The problem -> Pictures are to be left out; every line from the one with "Neudörfl average rain in February" through the end of the data must be transcribed exactly.

##### Given information #####

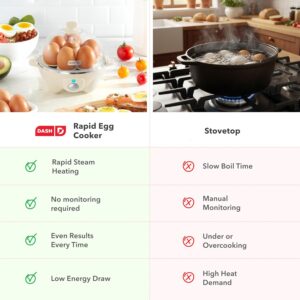 Dash Rapid Egg Cooker - Boiler, Poacher & Steamer - Includes Measuring & Recipe Guide - Dishwasher Safe - BPA Free - Holds 7 Eggs, Black - Image 9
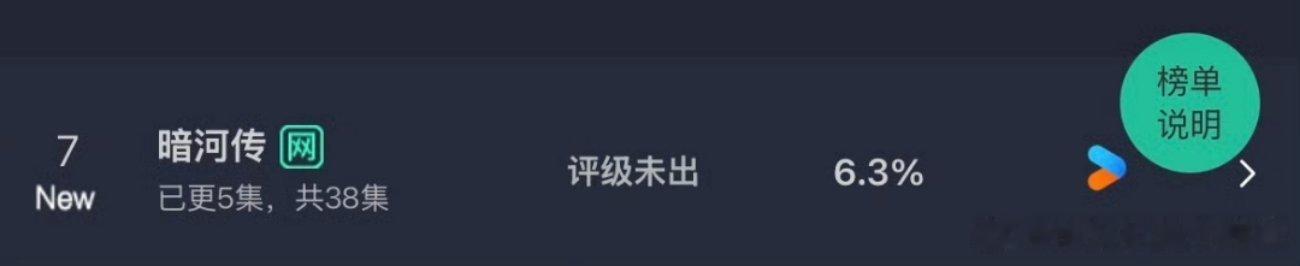 龚俊《暗河传》首日云和6.3％，均集广告7，目前为下降趋势。罗云熙《水龙吟》首日
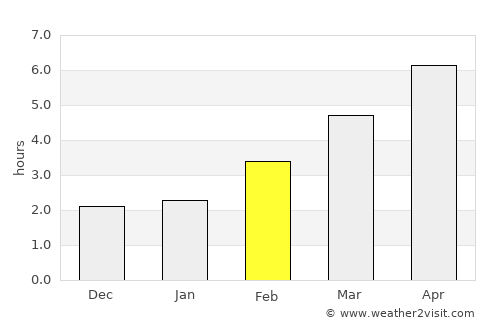 Neudörfl average rain in February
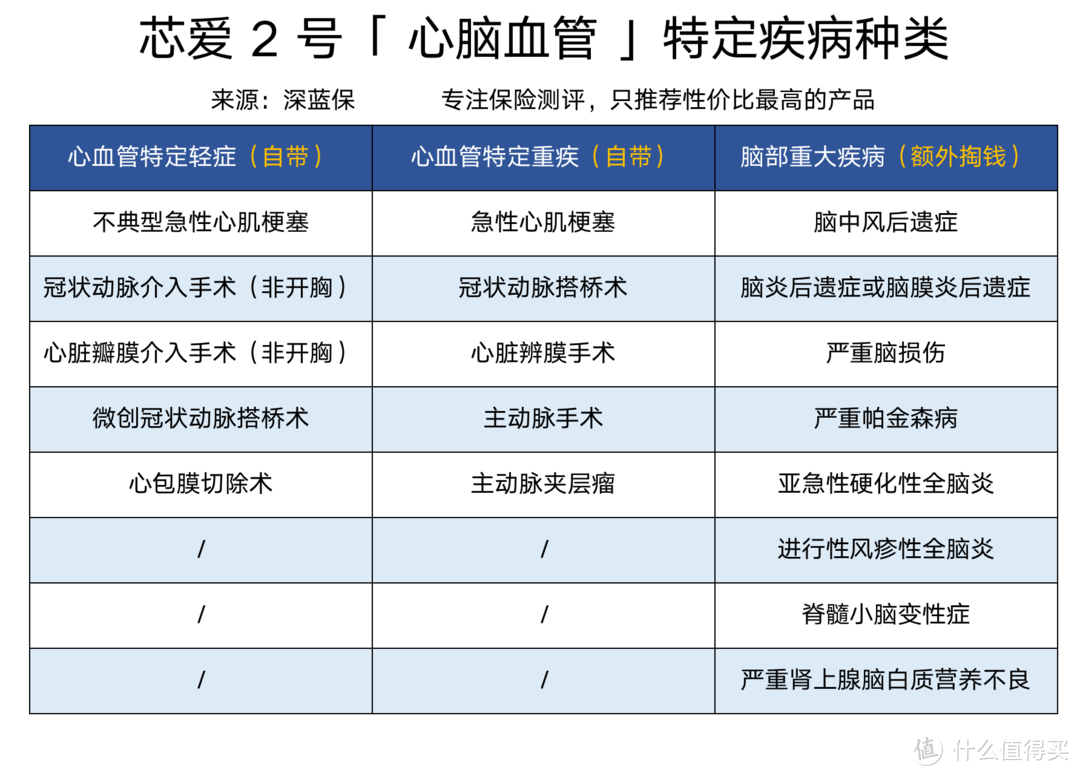 心脑血管疾病死亡率居然比癌症还高！这几款重疾险值得入手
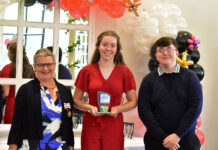 Charlotte in double win at youth awards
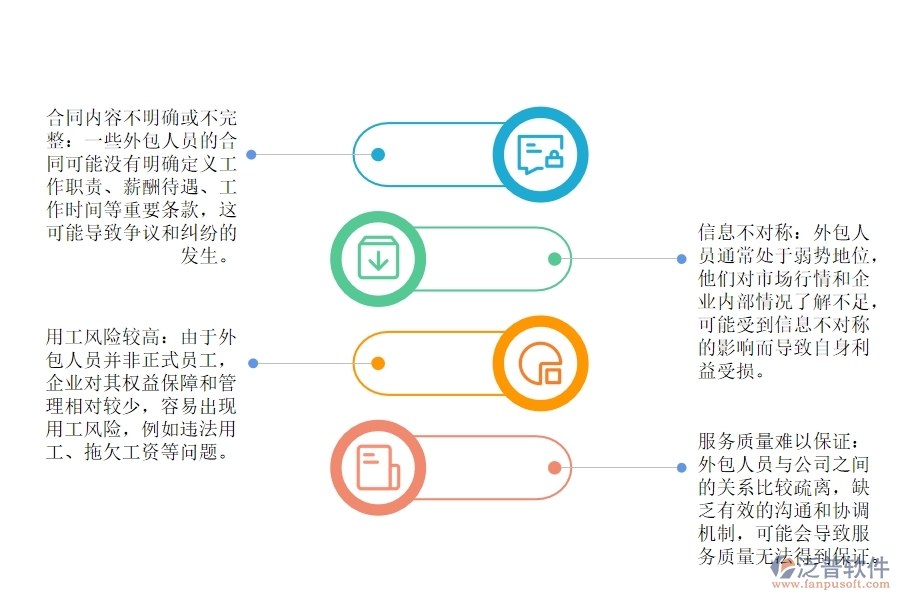 市政工程勞務(wù)派遣公司外包人員合同管理普遍存在的問(wèn)題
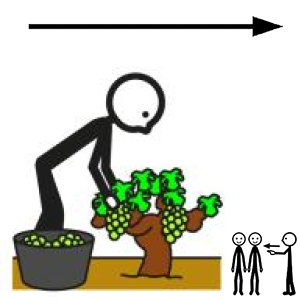 Arasaac 150-9377b894ac83b41bca47fd7e17b02eb2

#####

Response to this exercise ->
 Neudörfl average rain in February
 心脑血管疾病死亡率居然比癌症还高！这几款重疾险值得入手
 Charlotte in double win at youth awards
 市政工程勞務(wù)派遣公司外包人員合同管理普遍存在的問(wèn)題
 Arasaac 150-9377b894ac83b41bca47fd7e17b02eb2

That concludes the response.